Available records
----

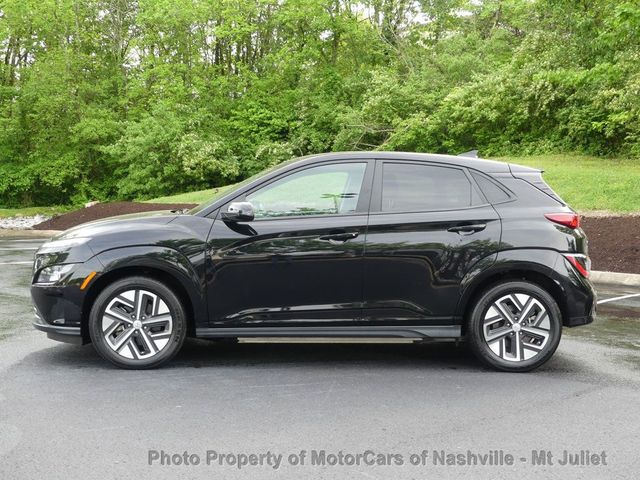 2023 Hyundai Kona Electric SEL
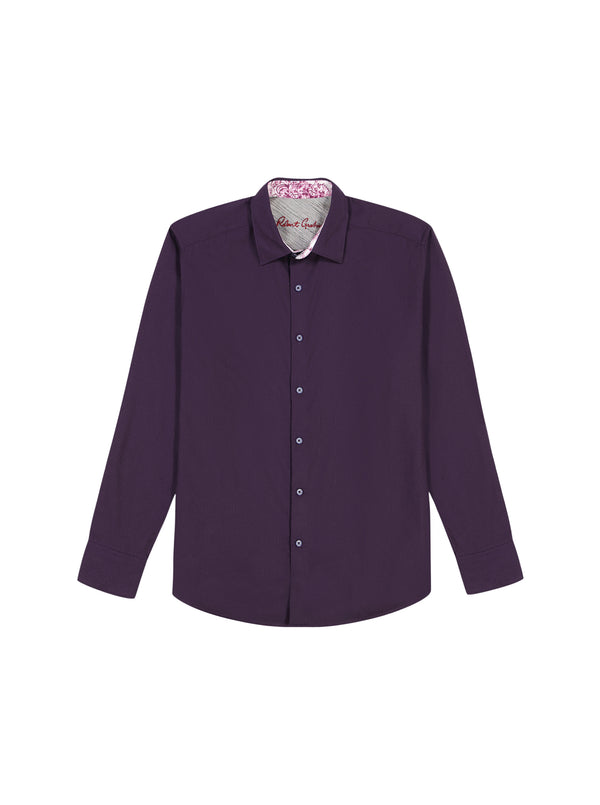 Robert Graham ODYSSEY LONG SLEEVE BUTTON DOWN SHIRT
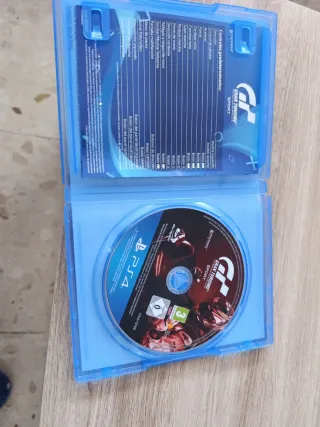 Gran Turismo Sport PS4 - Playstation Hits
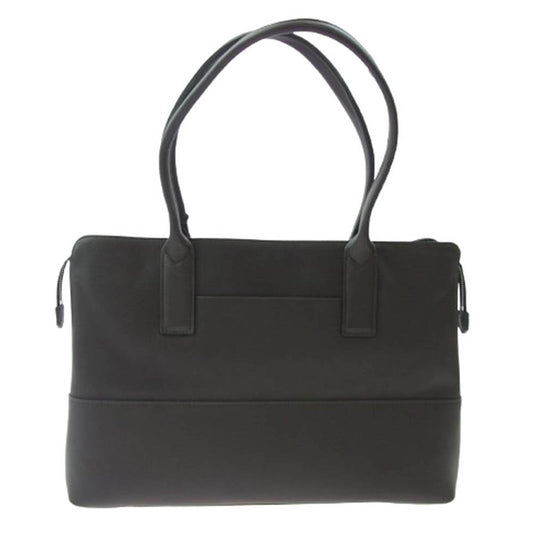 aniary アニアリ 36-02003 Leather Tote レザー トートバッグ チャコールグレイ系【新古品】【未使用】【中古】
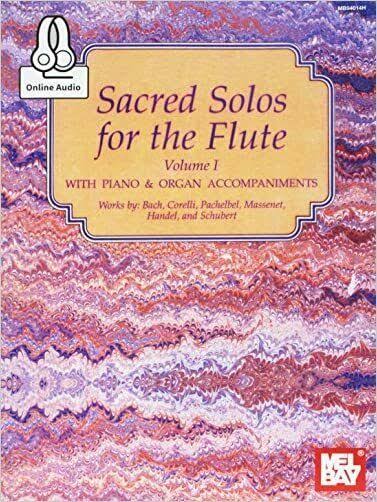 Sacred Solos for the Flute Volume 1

----

Task details
Retype all of the entries exactly as written, leaving out any images.

Solution for this exercise
 2023 Hyundai Kona Electric SEL
 Robert Graham ODYSSEY LONG SLEEVE BUTTON DOWN SHIRT
 Gran Turismo Sport PS4 - Playstation Hits
 aniary アニアリ 36-02003 Leather Tote レザー トートバッグ チャコールグレイ系【新古品】【未使用】【中古】
 Sacred Solos for the Flute Volume 1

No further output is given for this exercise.